Learning that slice()
Indexes Start at 1, not 0
Krangl borrows the DataFrame
‘s slice()
method from the dplyr library.
Dplyr is a library for R, where the first index of a collection type is 1. This is known as one-based array indexing.
In Kotlin, and most other programming languages, the first index of a collection type is 0.
krangl makes it easy for R programmers to make the leap to doing Kotlin sdata science. One of the ways to meet this goal would be to make krangl’s version of slice()
work exactly like dplyr’s, right down to using 1 as the index for the first row in the data frame.
It’s time to do a little exploring.
Exploring the Data
Look back at the code cell where you used head()
to see the first 5 rows of sleepData
:
The first animal in the list is the cheetah. Try using DataFrame
’s rows
property and rows
elementAt()
method to retrieve the row whose index is 0:
sleepData.rows.elementAt(0)
You should see this result:
{name=Cheetah, genus=Acinonyx, vore=carni, order=Carnivora, conservation=lc, sleep_total=12.1, sleep_rem=null, sleep_cycle=null, awake=11.9, brainwt=null, bodywt=50.0}
This makes sense as rows
is a Kotlin Iterable
and elementAt()
is a method of Iterable
. It makes sense that sleepData.rows.elementAt(0)
would return an object representing the first row of sleepData
.
Now, try approximating the same thing with slice()
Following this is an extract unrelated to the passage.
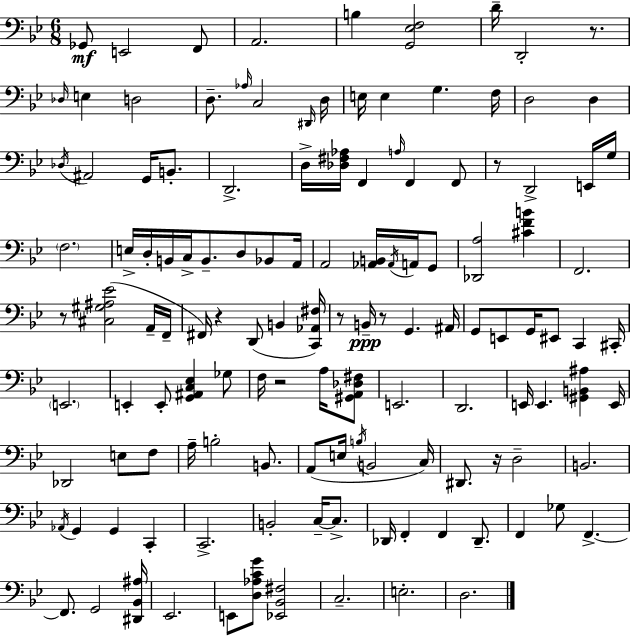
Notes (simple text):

Gb2/e E2/h F2/e A2/h. B3/q [G2,Eb3,F3]/h D4/s D2/h R/e. Db3/s E3/q D3/h D3/e. Ab3/s C3/h D#2/s D3/s E3/s E3/q G3/q. F3/s D3/h D3/q Db3/s A#2/h G2/s B2/e. D2/h. D3/s [Db3,F#3,Ab3]/s F2/q A3/s F2/q F2/e R/e D2/h E2/s G3/s F3/h. E3/s D3/s B2/s C3/s B2/e. D3/e Bb2/e A2/s A2/h [Ab2,B2]/s Ab2/s A2/s G2/e [Db2,A3]/h [C#4,F4,B4]/q F2/h. R/e [C#3,G#3,A#3,Eb4]/h A2/s F2/s F#2/s R/q D2/e B2/q [C2,Ab2,F#3]/s R/e B2/s R/e G2/q. A#2/s G2/e E2/e G2/s EIS2/e C2/q C#2/s E2/h. E2/q E2/e [G2,A#2,C3,Eb3]/q Gb3/e F3/s R/h A3/s [G#2,A2,Db3,F#3]/e E2/h. D2/h. E2/s E2/q. [G#2,B2,A#3]/q E2/s Db2/h E3/e F3/e A3/s B3/h B2/e. A2/e E3/s B3/s B2/h C3/s D#2/e. R/s D3/h B2/h. Ab2/s G2/q G2/q C2/q C2/h. B2/h C3/s C3/e. Db2/s F2/q F2/q Db2/e. F2/q Gb3/e F2/q. F2/e. G2/h [D#2,Bb2,A#3]/s Eb2/h. E2/e [D3,Ab3,C4,G4]/e [Eb2,Bb2,F#3]/h C3/h. E3/h. D3/h.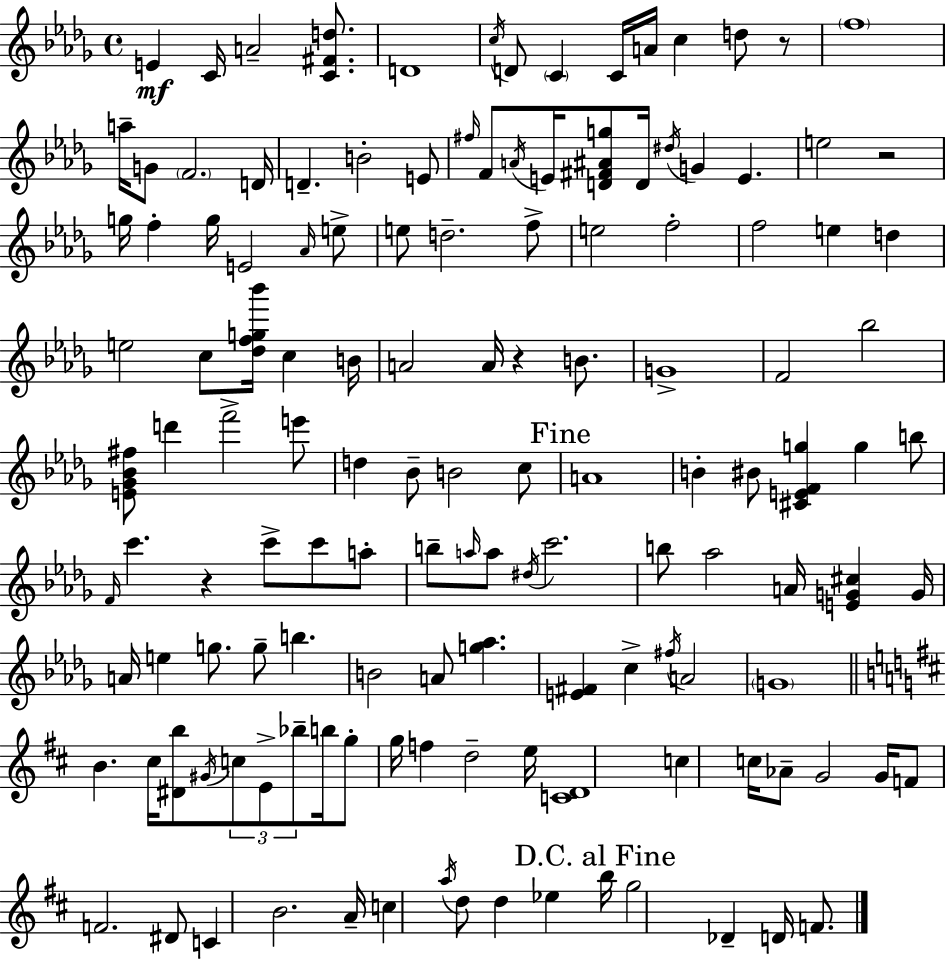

. The result will be of a different type: sleepData.rows.elementAt()
returns a DataFrameRow
, while slice()
returns a whole DataFrame.
Run the following in a new code cell:
sleepData.slice(0..0)
The result will be an empty data frame; 11 columns, but no rows:
Now, try something else. Run the following in a new code cell:
sleepData.slice(1..1)
This time, you get a data frame with a single row; note the dimensions:
Try one more thing; run the following in a new code cell:
sleepData.slice(1..2)
This results in a data frame with two rows:
From these little bits of code, you can deduce that slice(a..b)
returns a data frame that:
- Starts with and includes row a from the original data frame.
- Ends with and includes row b from the original data frame.
- Counts rows starting from 1 rather than starting from 0.